When I talk about being fat I’m not talking about that number. I felt exactly the same way when I hit 150 in junior high. I can look back at picture of myself and see that I wasn’t overweight at that point. But in my mind I had been obese from childhood on. Being “fat” for me wasn’t about the BMI scale or any other objective measurement. It was a set of self defeating mantras and self loathing, countless chances not taken and the ultimate excuse for every failure.
So I made the choice to like myself. I made that choice for myself, sick of wasting so much time worrying about the looks of my body. I made that choice for my daughter, not wanting to teach her to not like herself and wanting to give her a Mom who loved herself and was on her own list of priorities. But this isn’t something that just comes naturally. I spent a good 25 years with the voice in my head telling me I’m not good enough. Turning that off is still a daily task.
So I became an athlete. I cook healthy. I lift big things. I’m proud of what I can do with my body, and I have embraced all of me– even the parts that don’t look photoshopped.
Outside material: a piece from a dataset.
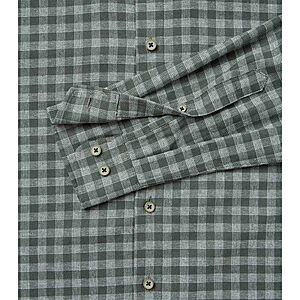 Redmond | Flanell-Hemd | Baumwolle Karo | Button-Down-Kragen | Oliv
I’m a personal trainer. I’m freaking fit mama! I help other people with body image and getting in touch with their respective inner bad ass.
But I still struggle with those same old demons. The ones that tell me I can’t wear something I want to because my thighs don’t look right. That is literally shocked when I tell someone I’m a personal trainer and they don’t laugh.
The point is; it IS hard to love yourself. It’s hard to accept that you are good enough. And it doesn’t matter if you are a size 2 or a size 22, those voices are hard to turn off. They come from everywhere. It’s this accepted task of womanhood : here is your body, it won’t look like any example of what we are told it should look like, deal with it.
So here is how I deal with it.
I do shit with my body everyday that makes me feel good. I lift weights, run stairs, sprint hills (rewind a few years ago that looked more like take walks, humbly start jogging). I regularly take bubble baths. I eat food that makes me feel light and energetic and keep to a minimum those “eat til it hurts” occasions.
I practice, practice, practice loving my body everyday. Which probably sounds ridiculous, but it’s true. I stand butt ass naked in my mirror when I don’t feel so hot and stay there until I do. This usually happens when I’m having a random “I don’t want to put anything I own on my body right now” moment. I start out by checkin out the things I reliably always dig and move on to the other parts. This isn’t like an obsessive, hours long process. But I probably spend a good 15 minutes a week just looking at my naked ass and telling myself – “You look good damn it.”
Maybe that sounds vain. But I would so much rather spend 15 minutes a week telling my naked behind I look hot than the countless hours I have spent in the past loathing all of it. Trying on clothes and hating them. Not wanting to buy new things because I knew I’d have to go to a special store and that felt too embarrassing. So yeah, I’ll take a little vanity over all the self hatred.
I have new mantras. So when the old “you’re not good enough” ones pop up I just conger up one of my much more bad ass ones and tell myself that.
It gets easier. My old mantras don’t come to mind so much. I don’t battle daily with the mirror. The scale can now completely kiss my ass. But all those things came with time.
The point is, I get that this is hard. But you deserve to dig yourself. Think of all the people in your life who dig you. I’m sure it isn’t in spite of your thighs. But the only way to start becoming the confident, bad ass you were meant to be is to start. Decide you’ve had enough fights with your reflection. Decide you deserve better from yourself. Decide that if you are telling yourself something you would never tell your best friend that’s not good enough. And if you have wee ones, realize your thoughts about you are determining the ones they will have about themselves. Decide to be a better example.
It’s not easy killing off the inner fat girl. But damn it, it’s worth it.